No functional change
---
 src/nnue/layers/affine_transform.h | 58 +++++++++++++++---------------
 1 file changed, 28 insertions(+), 30 deletions(-)
diff --git a/src/nnue/layers/affine_transform.h b/src/nnue/layers/affine_transform.h
index ad9167c0..59a6149f 100644
--- a/src/nnue/layers/affine_transform.h
+++ b/src/nnue/layers/affine_transform.h
@@ -39,25 +39,26 @@
 
 namespace Stockfish::Eval::NNUE::Layers {
 
+#if defined(USE_SSSE3) || defined(USE_NEON_DOTPROD)
+    #define ENABLE_SEQ_OPT
+#endif
+
 // Fallback implementation for older/other architectures.

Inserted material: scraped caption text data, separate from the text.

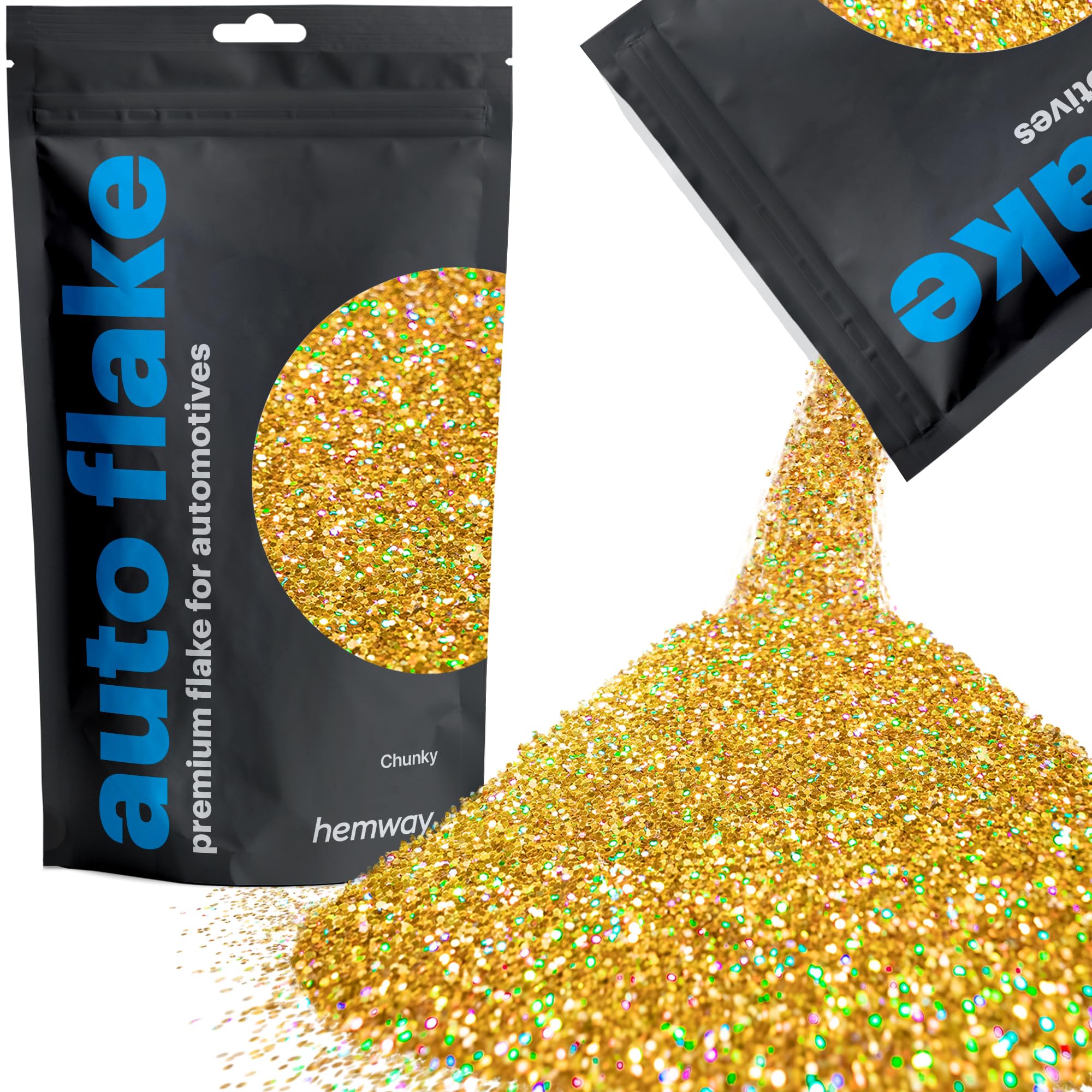 Hemway Premium Automotive Glitter Flake Paint Additive - Gold Holographic | 100g Chunky Metal Flakes for Car, Truck, RV, Motorbike & Boat Decoration | Mix with Auto Paint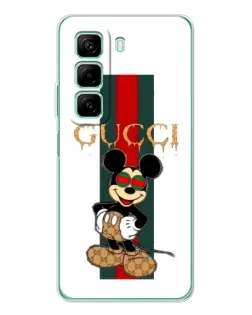 Чехол для Xiaomi Redmi Note 15R с картинкой «Микки Маус Gucci — полосы»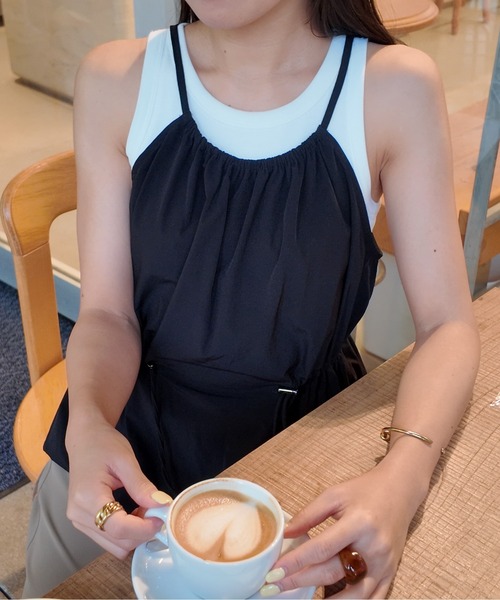CIEL'AIR（シエルエアー）の「DROST CAMI TOPS(ﾄﾞﾛｽﾄｷｬﾐﾄｯﾌﾟｽ）（キャミソール・レディース・ブラック/オフホワイト・MEDIUM）」の5枚目の写真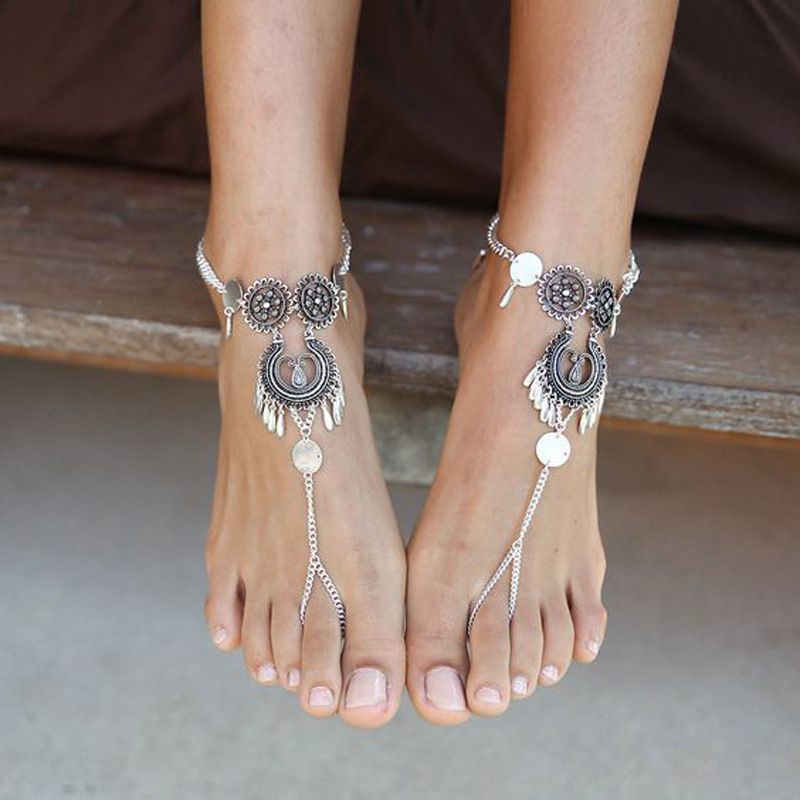 European And American Style Bohemian Hollow Water Drop Carved Anklet Foot Decoration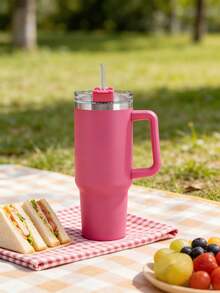 40oz Multi-Function Handled Tumbler, Large Capacity Insulated Cold & Hot Drink Cup, Essential For Car Travel With Straw - Multicolor - View 3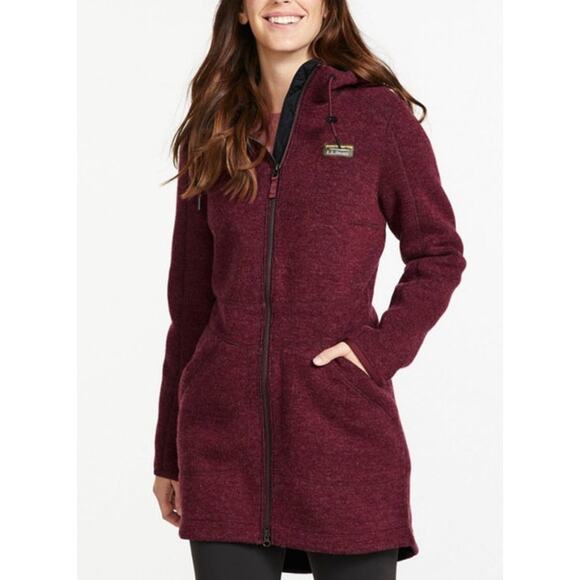 L.L. Bean Women Wooltek Coat Burgundy Heather Size 1X Plus - Picture 1 of 6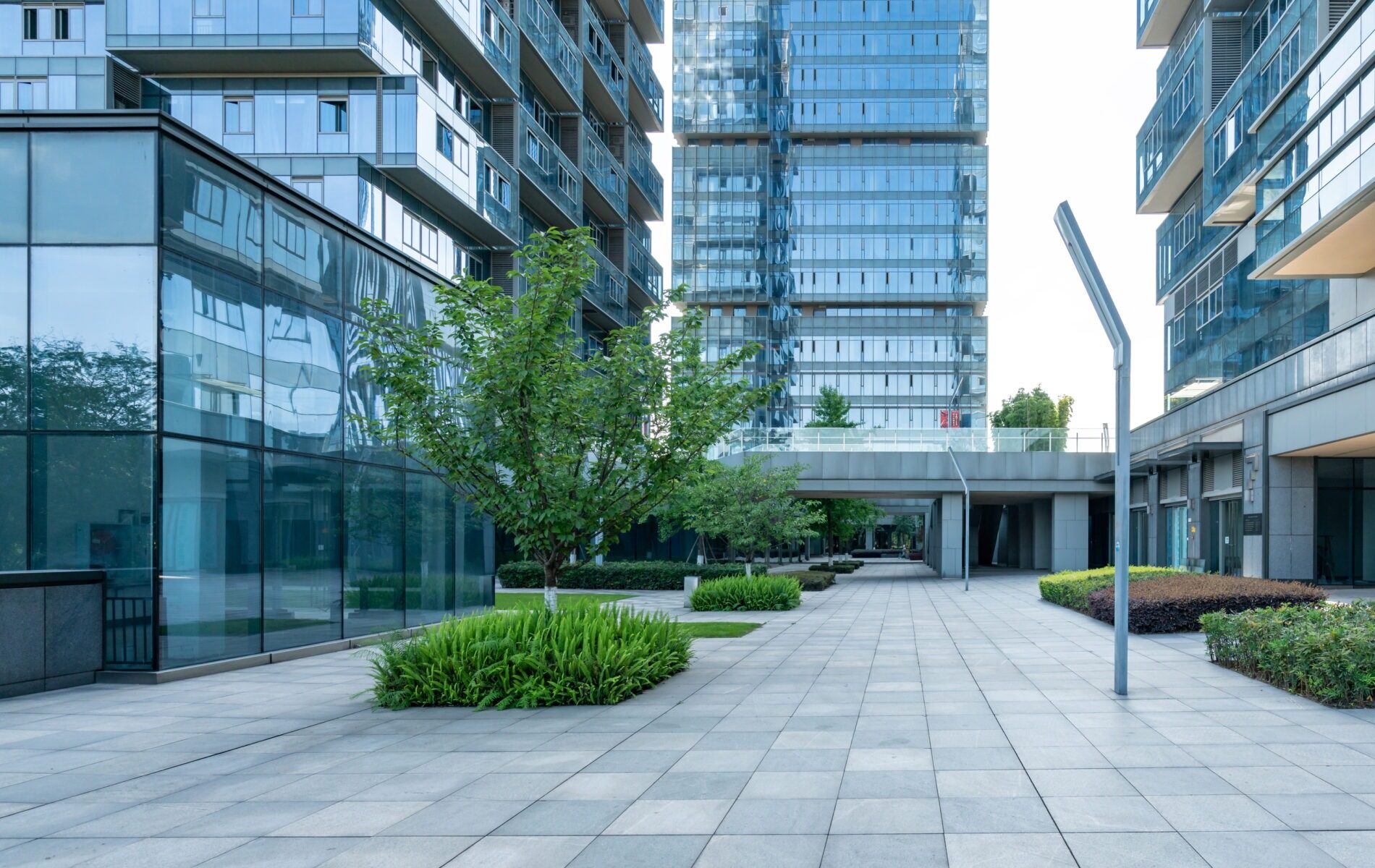 Modern courtyard with glass buildings, trees, and paved walkway. Tall structures surround the area, creating a calm and orderly urban landscape.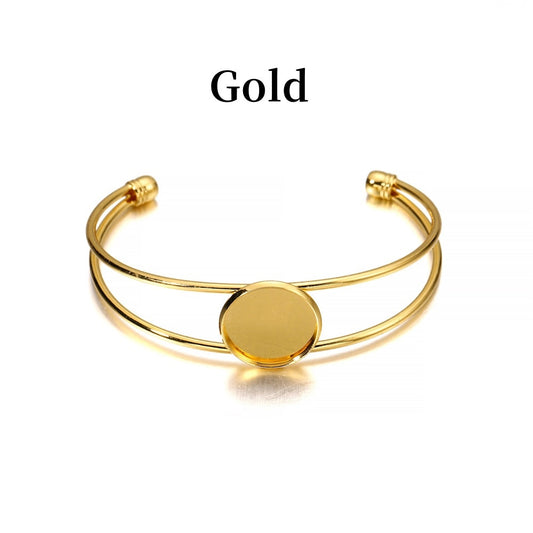 18 20 25mm Gold Bangle Bracelet Cabochon Base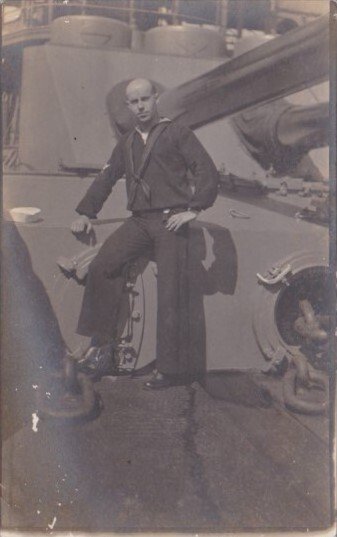 Military Sailor Posing By Gun On Ship Real Photo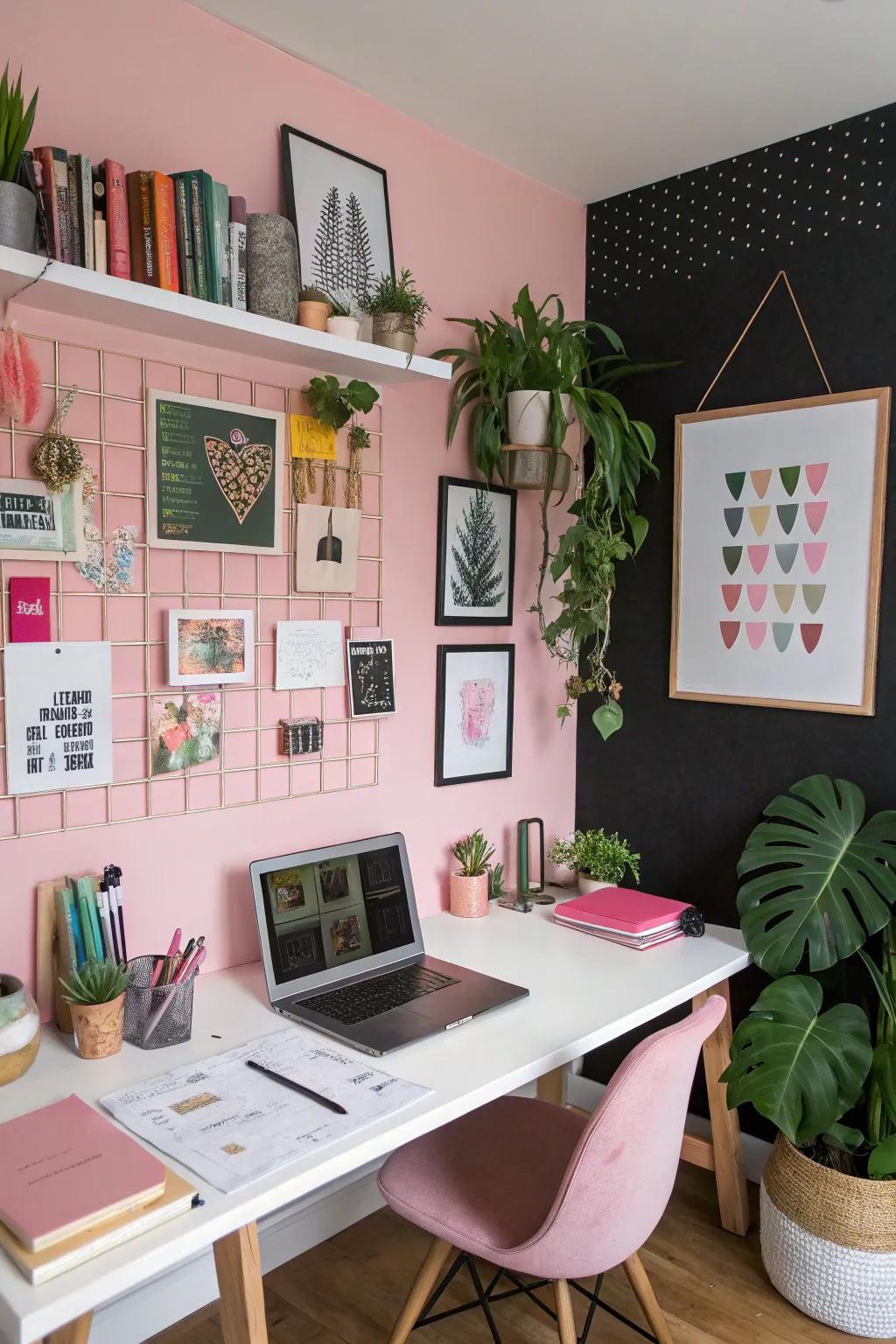 A pink and black gallery wall adds a personal and artistic touch to this office.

 // Requires the input to be padded to at least 16 values.
-#if !defined(USE_SSSE3)
+#ifndef ENABLE_SEQ_OPT
+
 template<IndexType InputDimensions, IndexType PaddedInputDimensions, IndexType OutputDimensions>
 static void affine_transform_non_ssse3(std::int32_t*       output,
                                        const std::int8_t*  weights,
                                        const std::int32_t* biases,
                                        const std::uint8_t* input) {
-    #if defined(USE_SSE2) || defined(USE_NEON_DOTPROD) || defined(USE_NEON)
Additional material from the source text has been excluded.